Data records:
========================================
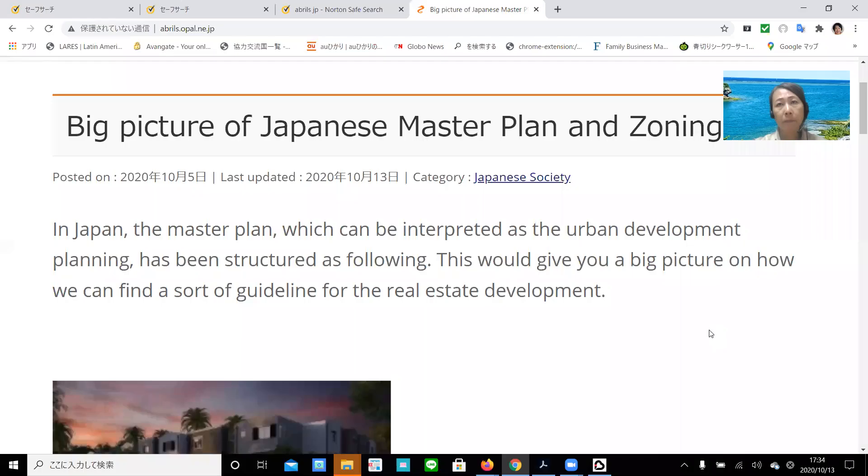Hello everyone. My name is Yukoto Mizuka. I'm a global real estate investment advisor with 30 years of experience, and I have evaluated so far more than 20,000 real estate development cases.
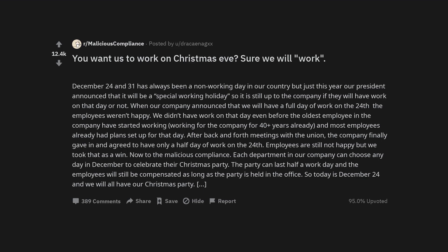You want us to work on Christmas Eve? Sure we will work. December 24th and 31st has always been a non-working day in our country but just this year our president announced that it will be a special working holiday, so it is still up to the company if they will have work on that day or not.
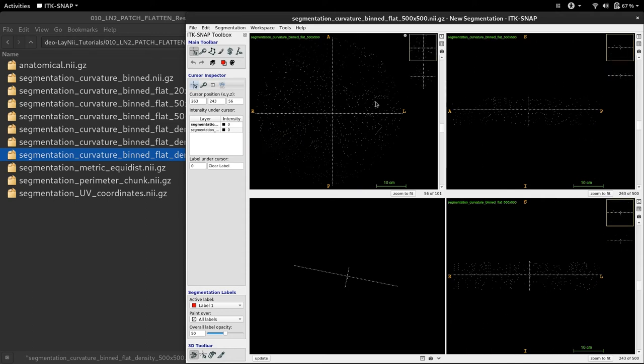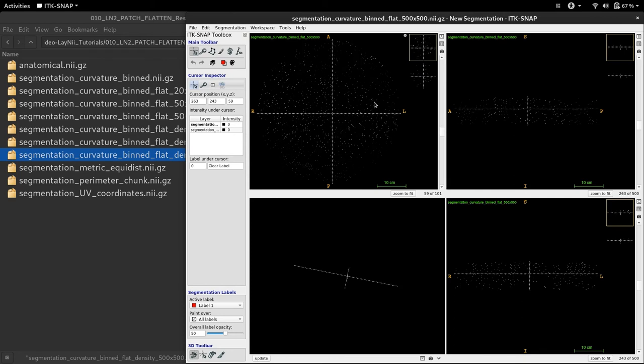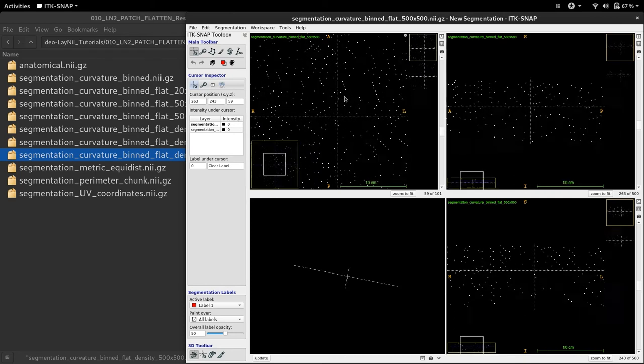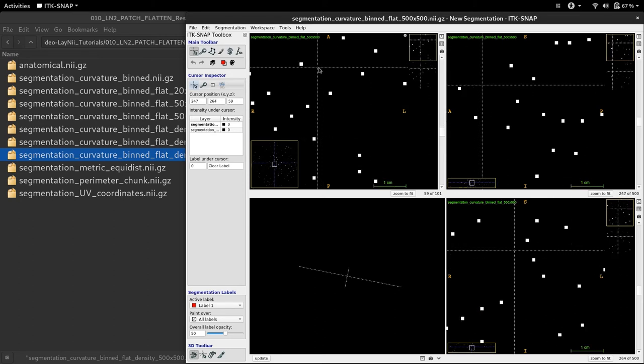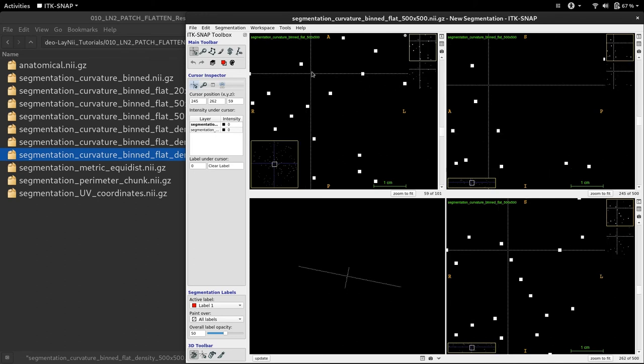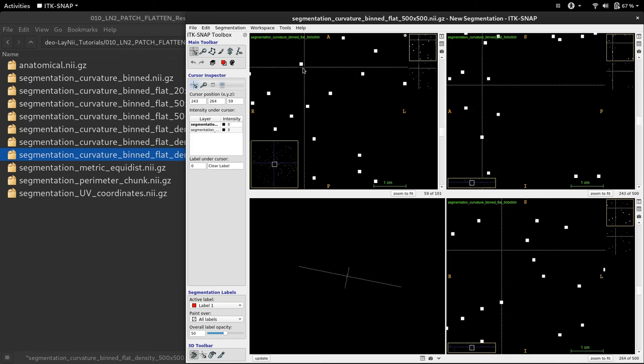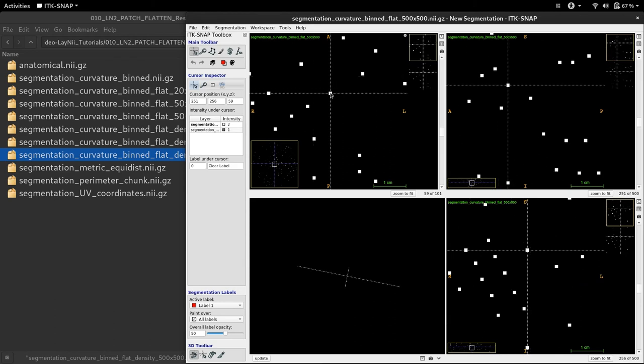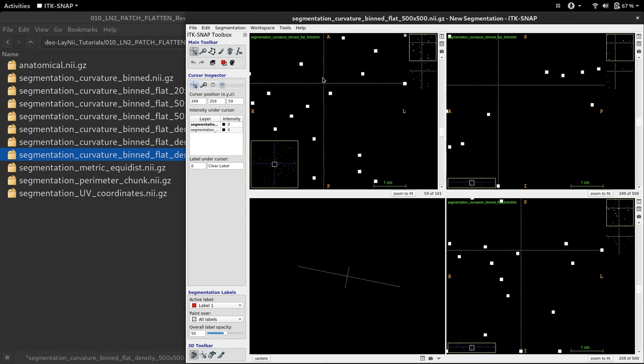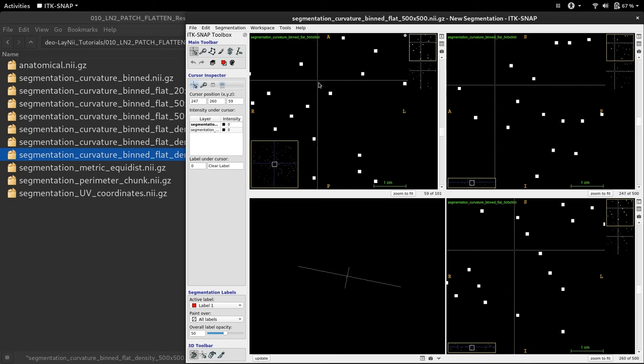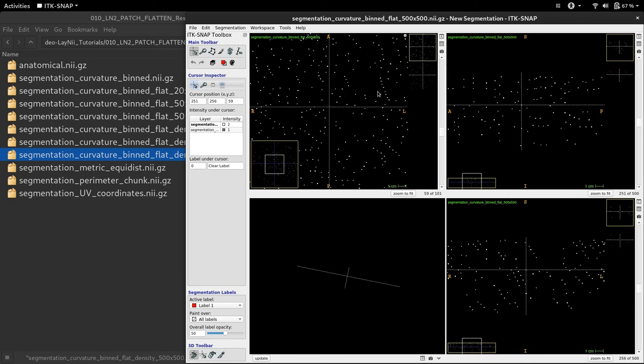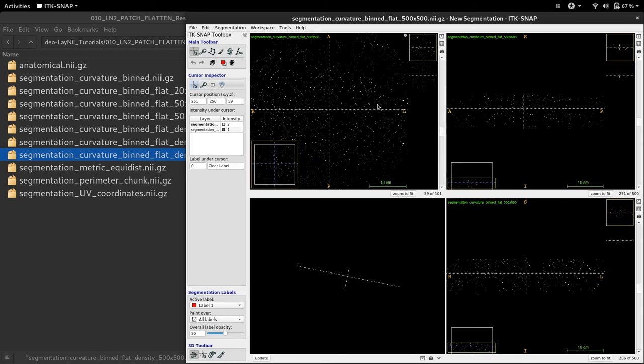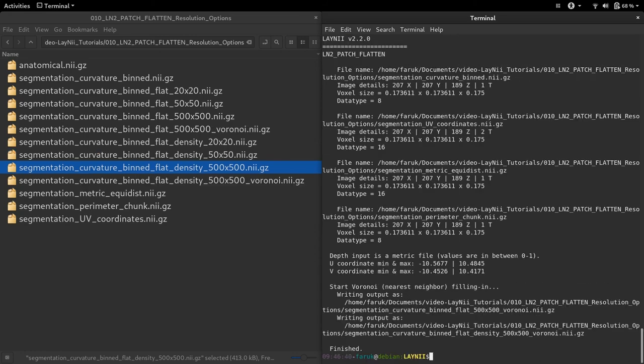Some of you might think that this can be a problem. However, we can solve the sparsity problem easily by using a simple interpolation method. For instance, for each black voxel in this flat representation, we can use nearest neighbor interpolation, so that whichever is the nearest voxel to this empty voxel will inherit the value of the filled-in voxel. This simple interpolation method is implemented in ln2 patch flatten. All you need to do is add an extra parameter called Voronoi. Now let's run it and see what will happen.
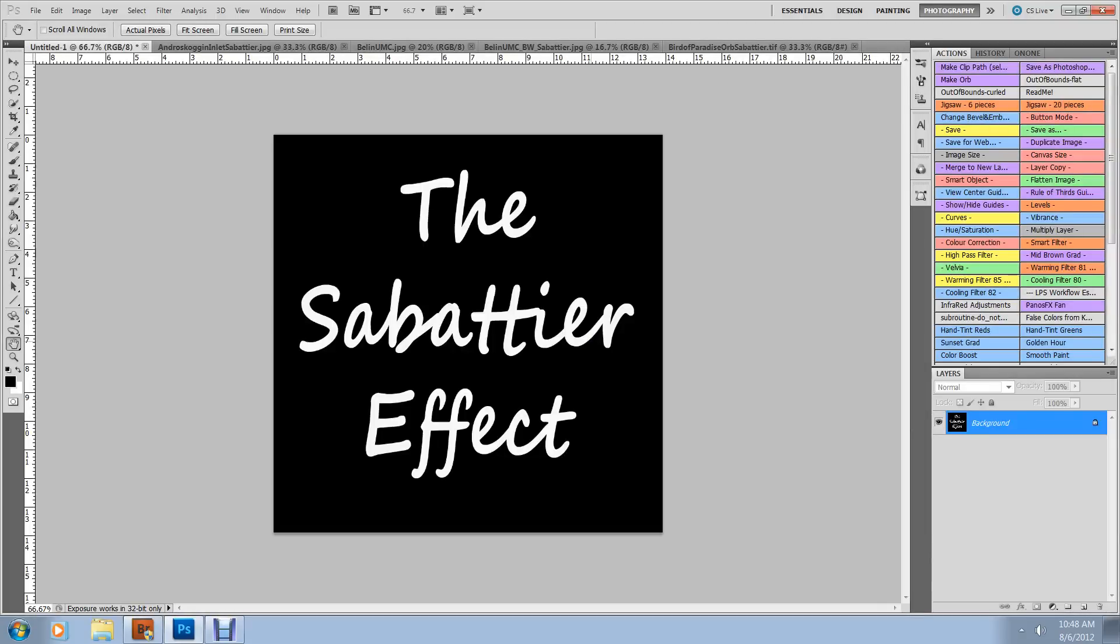In this video, we're going to learn the Sabattier effect. This is a modern version of an old effect. Sabattier was a French photographer, and therefore I may not be pronouncing his name correctly, but he was a French photographer who in 1862 accidentally turned on the light while developing film and got some strange and unpredictable effects. Lots of people have experimented with the effect, and one variation of it is called solarization.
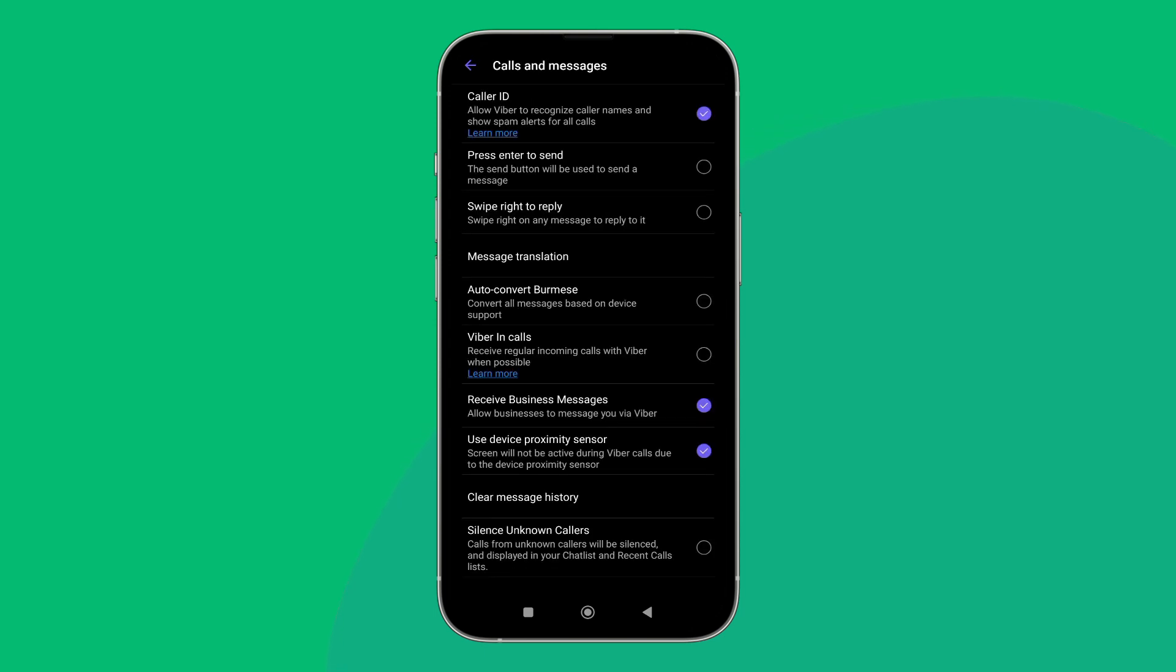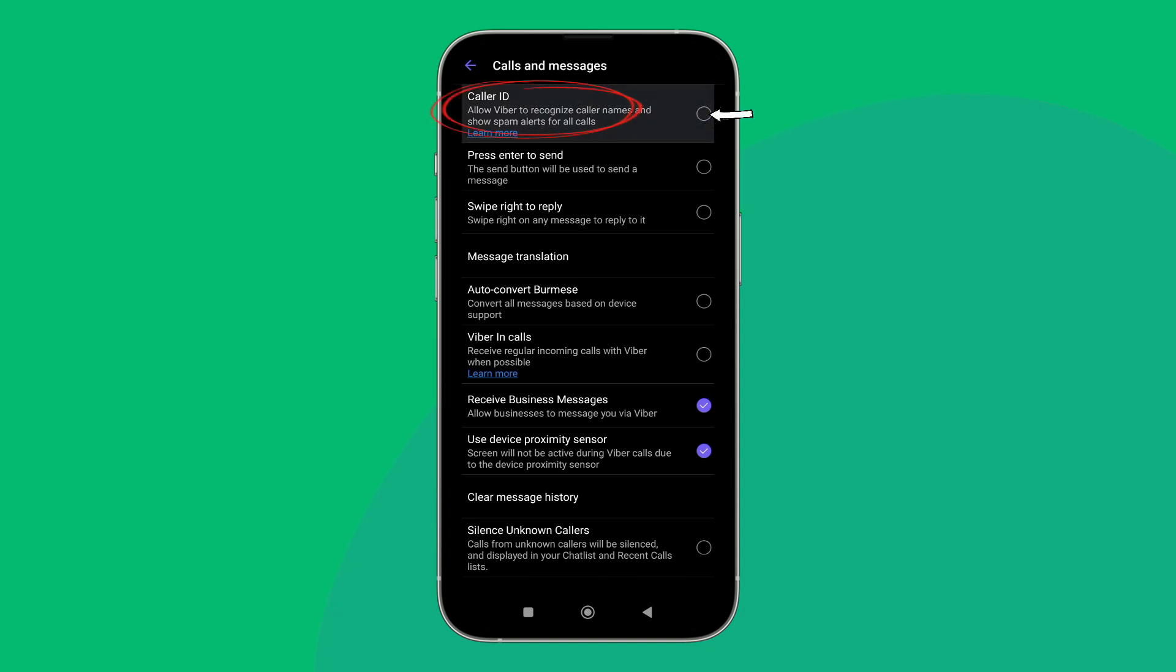Next you can see the option of caller ID. Untick it by tapping on it. So this is how you can disable caller ID on Viber.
========================================
> **AIM OF THE TASK**
If a line falls between the first line of the records above and the line containing "Some of you", inclusive, retype it exactly; leave pictures out.

> **TASK SOLUTION**
Hello everyone. My name is Yukoto Mizuka. I'm a global real estate investment advisor with 30 years of experience, and I have evaluated so far more than 20,000 real estate development cases.
You want us to work on Christmas Eve? Sure we will work. December 24th and 31st has always been a non-working day in our country but just this year our president announced that it will be a special working holiday, so it is still up to the company if they will have work on that day or not.
Some of you might think that this can be a problem. However, we can solve the sparsity problem easily by using a simple interpolation method. For instance, for each black voxel in this flat representation, we can use nearest neighbor interpolation, so that whichever is the nearest voxel to this empty voxel will inherit the value of the filled-in voxel. This simple interpolation method is implemented in ln2 patch flatten. All you need to do is add an extra parameter called Voronoi. Now let's run it and see what will happen.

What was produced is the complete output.